**What you are asked to do**:
Beneath this line sits some data. Return only its lines from the one holding "CONVERSE CHUCK TAYLOR" through the one holding "Clip Art Library", inclusive, exactly, with the images removed.

**Entries supplied**:
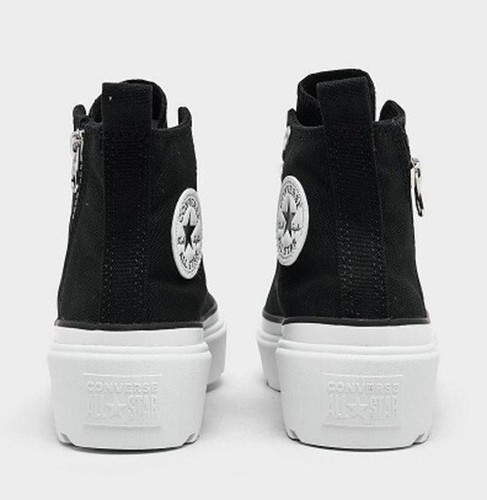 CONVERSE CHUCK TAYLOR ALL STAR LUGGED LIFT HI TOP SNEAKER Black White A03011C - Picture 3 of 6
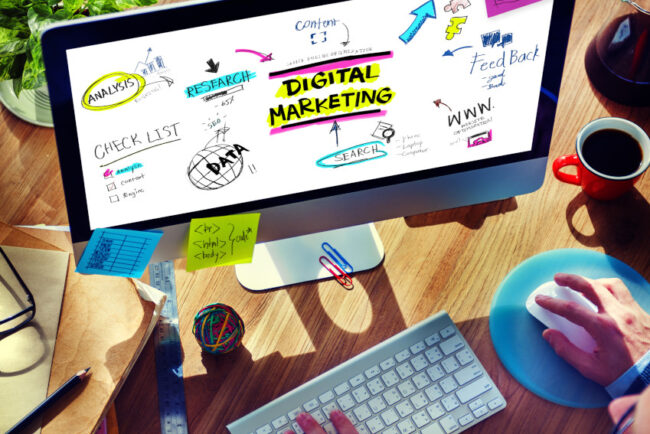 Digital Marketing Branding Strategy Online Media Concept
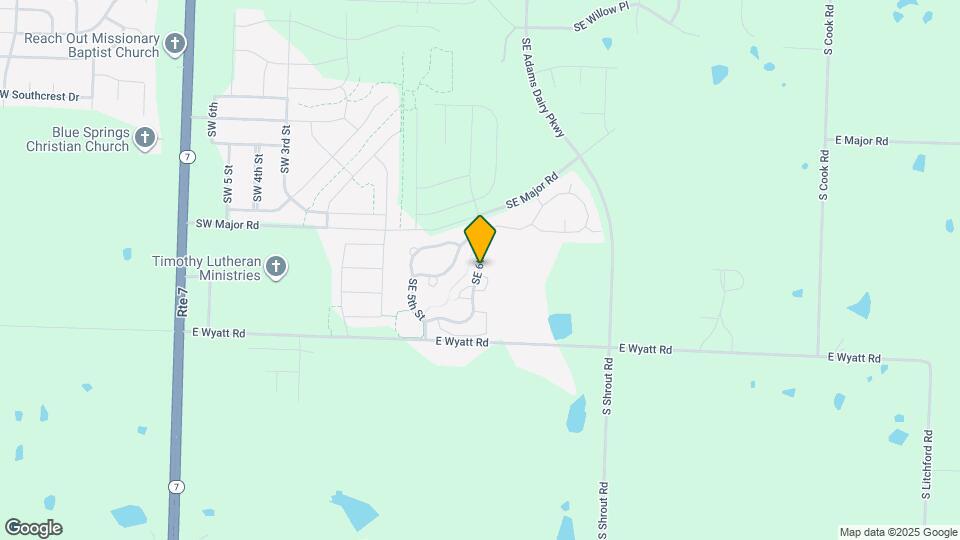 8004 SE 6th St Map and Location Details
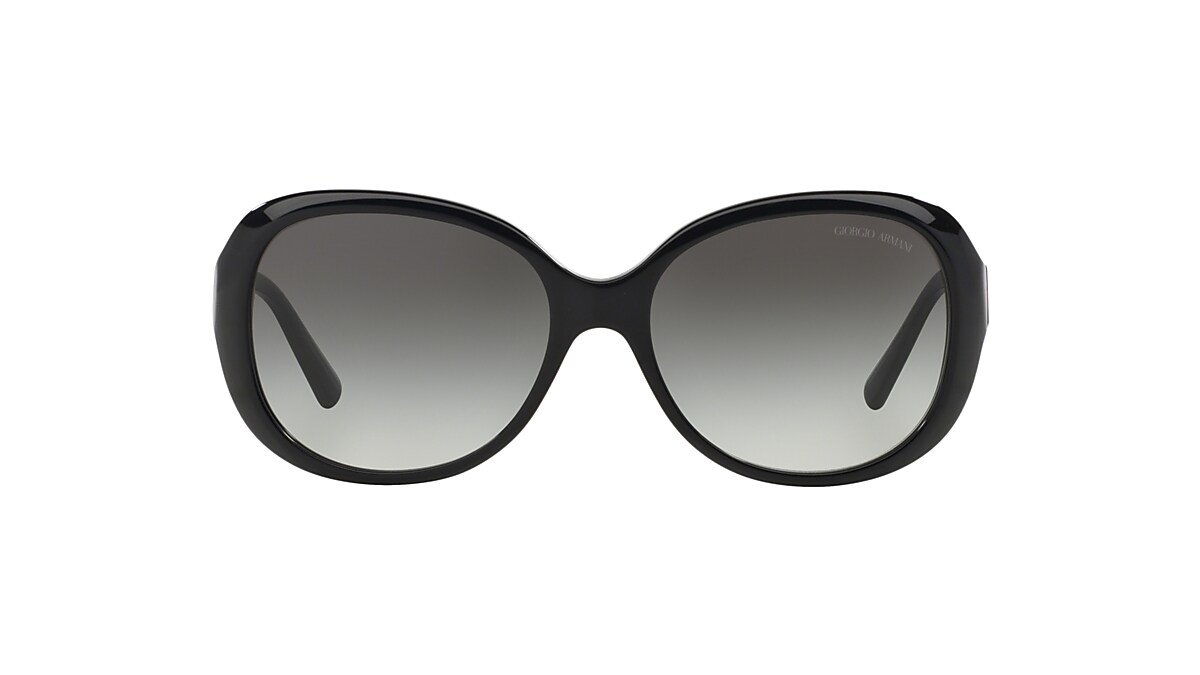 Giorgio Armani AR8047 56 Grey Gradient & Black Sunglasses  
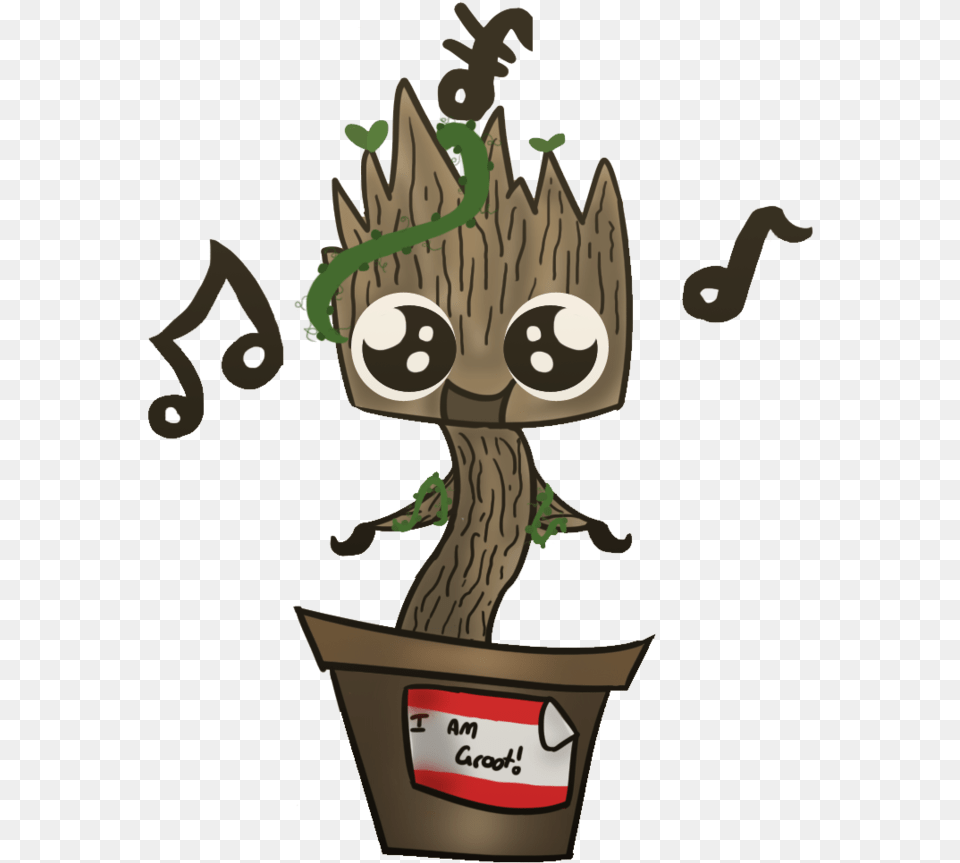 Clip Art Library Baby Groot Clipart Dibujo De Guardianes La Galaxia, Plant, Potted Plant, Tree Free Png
--
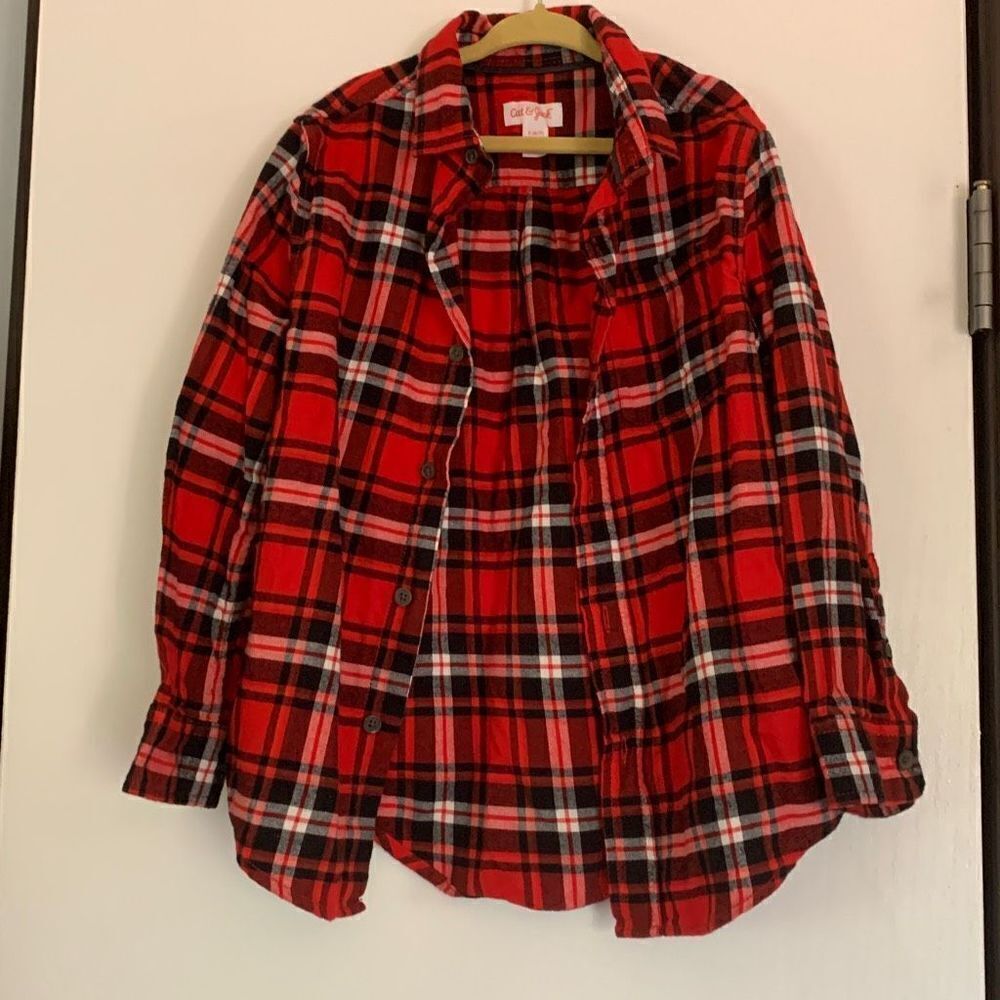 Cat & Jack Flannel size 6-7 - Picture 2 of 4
* * *
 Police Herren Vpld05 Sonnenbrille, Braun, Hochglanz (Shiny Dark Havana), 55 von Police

**Response box**:
 CONVERSE CHUCK TAYLOR ALL STAR LUGGED LIFT HI TOP SNEAKER Black White A03011C - Picture 3 of 6
 Digital Marketing Branding Strategy Online Media Concept
 8004 SE 6th St Map and Location Details
 Giorgio Armani AR8047 56 Grey Gradient & Black Sunglasses  
 Clip Art Library Baby Groot Clipart Dibujo De Guardianes La Galaxia, Plant, Potted Plant, Tree Free Png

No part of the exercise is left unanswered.